BdFRS - Em contrapartida à questão partidária, vemos crescer uma forte atuação das mulheres em organizações, principalmente na periferia. Poderíamos dizer que elas fazem o trabalho de base?

Laura - Sem dúvidas. Não há lugar na base que cheguemos onde não sejam as mulheres que estão cuidando de tudo. É por isso que lutamos pelo compartilhamento do poder, da decisão, pois na política já estamos. Somos inclusive em grande número dos espaços de base a maioria organizada, mas isso não se reflete no topo.

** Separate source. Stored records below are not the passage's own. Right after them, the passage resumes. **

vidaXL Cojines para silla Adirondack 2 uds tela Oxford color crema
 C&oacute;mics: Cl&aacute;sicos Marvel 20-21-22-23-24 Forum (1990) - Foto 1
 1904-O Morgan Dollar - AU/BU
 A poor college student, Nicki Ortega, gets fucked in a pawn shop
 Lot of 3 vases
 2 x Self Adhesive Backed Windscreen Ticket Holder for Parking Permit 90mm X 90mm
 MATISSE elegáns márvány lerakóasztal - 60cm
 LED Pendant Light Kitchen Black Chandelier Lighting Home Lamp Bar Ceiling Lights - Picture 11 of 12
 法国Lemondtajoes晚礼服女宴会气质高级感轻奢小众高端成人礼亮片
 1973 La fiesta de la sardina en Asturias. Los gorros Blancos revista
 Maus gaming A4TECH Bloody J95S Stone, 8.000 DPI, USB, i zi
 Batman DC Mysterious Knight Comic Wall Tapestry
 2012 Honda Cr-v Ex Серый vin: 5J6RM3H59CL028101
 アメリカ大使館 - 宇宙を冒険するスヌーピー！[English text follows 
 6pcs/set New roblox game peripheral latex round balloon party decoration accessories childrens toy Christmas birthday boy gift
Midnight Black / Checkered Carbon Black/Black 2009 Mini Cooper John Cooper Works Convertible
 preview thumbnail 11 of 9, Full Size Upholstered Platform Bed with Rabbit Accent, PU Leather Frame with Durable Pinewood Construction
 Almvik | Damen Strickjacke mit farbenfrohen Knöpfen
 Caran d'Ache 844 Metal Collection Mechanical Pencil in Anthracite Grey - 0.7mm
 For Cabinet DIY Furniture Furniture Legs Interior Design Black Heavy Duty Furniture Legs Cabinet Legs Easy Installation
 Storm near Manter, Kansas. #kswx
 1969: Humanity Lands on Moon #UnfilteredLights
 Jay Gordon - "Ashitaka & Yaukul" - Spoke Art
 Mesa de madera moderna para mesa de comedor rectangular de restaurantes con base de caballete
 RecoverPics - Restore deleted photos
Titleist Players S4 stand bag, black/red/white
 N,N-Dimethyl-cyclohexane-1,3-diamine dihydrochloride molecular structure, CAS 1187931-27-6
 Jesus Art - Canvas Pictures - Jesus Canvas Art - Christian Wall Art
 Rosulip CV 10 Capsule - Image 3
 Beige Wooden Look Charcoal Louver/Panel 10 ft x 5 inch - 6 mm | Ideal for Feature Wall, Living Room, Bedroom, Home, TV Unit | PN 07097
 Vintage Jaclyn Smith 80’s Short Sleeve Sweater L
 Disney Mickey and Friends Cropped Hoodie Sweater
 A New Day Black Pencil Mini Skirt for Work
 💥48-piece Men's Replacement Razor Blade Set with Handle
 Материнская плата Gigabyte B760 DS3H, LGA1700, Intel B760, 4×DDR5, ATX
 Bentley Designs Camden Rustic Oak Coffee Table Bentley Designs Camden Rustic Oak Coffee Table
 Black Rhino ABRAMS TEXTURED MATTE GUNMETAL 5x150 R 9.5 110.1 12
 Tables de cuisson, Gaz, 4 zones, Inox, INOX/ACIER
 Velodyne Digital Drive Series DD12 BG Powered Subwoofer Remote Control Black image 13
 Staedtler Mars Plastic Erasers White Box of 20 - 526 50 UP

BdFRS - A professora de Direito da Fundação Getúlio Vargas (FGV) Lígia Fabris, em um debate na Câmara, criticou o discurso de que as mulheres não se interessam por política. Para ela, o que existe é um ambiente hostil às mulheres. Tu observas isso também?

Laura - As mulheres são atacadas pela sua condição de mulher o tempo todo na política. O presidente da República, Jair Bolsonaro, é o maior exemplo do ambiente não só hostil como violento que é criado para as mulheres na política.


"As mulheres são atacadas pela sua condição de mulher o tempo todo na política" / Foto: Arquivo pessoal

BDFRS - Como se apresenta o machismo na questão partidária?

Laura - De inúmeras maneiras. Posso citar dois especialmente mais corriqueiros, como no reconhecimento do trabalho desenvolvido e na divisão de tarefas e postos.

BdFRS - Qual a tua opinião sobre os mandatos coletivos?

Laura - Acho uma experiência e um exercício interessante.

BdFRS - Tu como jornalista, como analisa os ataques do presidente Bolsonaro à imprensa?

Laura - Fazem parte de sua visão autoritária. Quem não tem apreço pela democracia, não tem como ter apreço pela imprensa. O jornalismo tem papel fundamental para o funcionamento de uma democracia.

BdFRS - Em tempos de coronavírus, como tu avalias as medidas tomadas por Eduardo Leite, no Estado, e de Marchezan, no município?

Laura - Muitas pertinentes, em acordo com as orientações da Organização Mundial da Sáude (OMS) e com os especialistas do país. Sabemos que tanto o estado quanto o município sofrem com a não existência de uma coordenação nacional de fato para o combate ao coronavírus e a disputa terraplanista de Bolsonaro frente à covid-19. Mas ainda assim há lacunas importantes, como a demora de uma ação mais concreta para expansão de leitos. Estados como São Paulo já fizeram do estádio Pacaembu um hospital de campanha, falta também em Porto Alegre um plano de enfrentamento ao coronavírus na periferia. Em muitos lugares falta água, moradias irregulares, o frio chega em semanas... A única coisa que dizemos é para as pessoas irem para casa, mas precisamos tornar o lar delas um ambiente de segurança.


Na luta pela educação, ao lado de Selene Michelin, secretária da Confederação Nacional dos Trabalhadores em Educação / Foto: Arquivo pessoal

BdFRS - O que fazer para mudar o quadro da participação das mulheres?

Laura - Para mudar o quadro da participação das mulheres na política é preciso:

Na sociedade: pressionarmos o Estado com uma agenda feminista que avance com mais concretude. Toda vez que avançamos em nossos direitos, mais mulheres vêm para a participação política. Venho do movimento estudantil, vi que termos tido Dilma presidenta fez com que muitas meninas se enxergassem na política.

Nos partidos: uma ação real de construção de quadros mulheres, compartilhamento real do poder e das decisões partidárias e uma disputa dos valores igualitários na sociedade.

Na luta institucional: alteração legislativa que trate da reserva de vagas no parlamento, a fim de aumentar o número de mulheres.